Le Medialab ne dispose pas d’un espace jeunesse à proprement parler mais différents îlots peuvent accueillir les plus jeunes. Ils sont équipés avec du mobilier adapté, et pensés pour des usages enfantins : ici l’on trouve un coin pour les arts plastiques, avec du matériel à taille d’enfant, plus loin un portant avec des déguisements.

La partie Lab accueille quant à elle des stations de travail (« estaciones ») équipées des outils et technologies nécessaires aux pratiques de création et d’expérimentation que l’établissement encourage.
L’une d’entre elles est par exemple réservée aux activités textiles, avec à disposition des machines à coudre et à broder ainsi qu’une presse à transfert. Un autre poste est dédié aux travaux électroniques, à la robotique et à la soudure.
On trouve également un poste de numérisation, une station d’impression numérique 3D, et un poste de découpe laser. L’espace réservé au dessin technique met quant à lui à disposition un ensemble d’outils graphiques et numériques et même un traceur permettant de réaliser des impressions grand format.

Le Lab accueille également un espace utilisé dans le cadre du projet Precious Plastic (précieux plastique) dont l’objectif est de mettre au point des solutions pour endiguer la pollution par le plastique en partageant des techniques et outils ouverts et gratuits pour réemployer ou transformer les déchets plastiques.

Photo de la « Estación de Precious Plastic » (poste « Plastique précieux »), Medialab, Saint-Sébastien © Adèle Martin
« Estación de Precious Plastic » (poste « Plastique précieux »), Medialab, Saint-Sébastien © Adèle Martin

Les usagers du Medialab évoluent dans un espace ouvert et se côtoient, quel que soit leur usage de l’équipement. La présence d’îlots thématiques, de « coins » et de « stations » de travail bien identifiés contribuent cependant à donner au lieu une identité forte, autour des questions d’expérimentation et de création.
Ce principe de non séparation s’applique également aux collections, qui ne sont pas classées par support mais par thématique.

Par ailleurs, très symboliquement, les espaces réservés au travail interne sont également implantés au milieu de la bibliothèque, séparés des espaces publics par une simple paroi vitrée.

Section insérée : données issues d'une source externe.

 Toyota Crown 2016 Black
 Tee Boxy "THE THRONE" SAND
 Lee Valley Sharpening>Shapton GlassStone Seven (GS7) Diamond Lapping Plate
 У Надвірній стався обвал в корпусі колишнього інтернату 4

Photo des Bureaux du personnel, Medialab, Saint-Sébastien © Adèle Martin
Bureaux du personnel, Medialab, Saint-Sébastien © Adèle Martin

En conclusion

Dans les deux établissements, on a ainsi cherché à faire cohabiter différents publics et à faciliter des usages divers de la médiathèque.

À Bilbao, on a fait le choix de réserver des espaces à des publics particuliers, en offrant un affichage clair des règles de bon usage, afin d’éviter que certains publics ne s’approprient les lieux et excluent les autres.
À l’inverse, à Saint-Sébastien, on a plutôt fait le pari de faire coexister différents usages dans un même espace, en misant sur une auto-régulation et sur l’acceptation par les usagers des usages des autres. On observe que cette dernière approche est cependant rendue possible par le choix d’une jauge réduite bien en-deçà de la capacité d’accueil réglementaire.

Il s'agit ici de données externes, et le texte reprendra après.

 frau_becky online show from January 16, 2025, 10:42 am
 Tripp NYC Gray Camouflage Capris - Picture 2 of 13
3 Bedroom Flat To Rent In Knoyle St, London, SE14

Délimiter et réguler ou bien ouvrir et faire cohabiter, ces deux approches sont à envisager à l’aune du contexte dans lequel les établissements inscrivent leur activité.

Si les habitus locaux peuvent jouer un rôle dans le fait que telle approche ou telle autre sera plus appropriée, il est cependant bien certain que les questions de fréquentation et de jauge, de même que la typologie des publics desservis, sont cruciales dans les choix finalement retenus.

Au-delà de ces considérations, il est intéressant de noter que, indépendamment des contextes des établissements, l’action sur l’aménagement des espaces semble produire des effets sur les usages et sur les publics fréquentant le lieu. Il serait intéressant de pouvoir quantifier ces effets.

Enfin, point commun notable à ces deux approches : les collections sont proposées dans le cadre d’un projet global qui inclut leur médiation. Les espaces sont en effet pensés pour accueillir à la fois une offre documentaire et des programmations culturelles ou pédagogiques associées. Cette conception contribue très certainement à faire des différents espaces des lieux vivants et attrayants.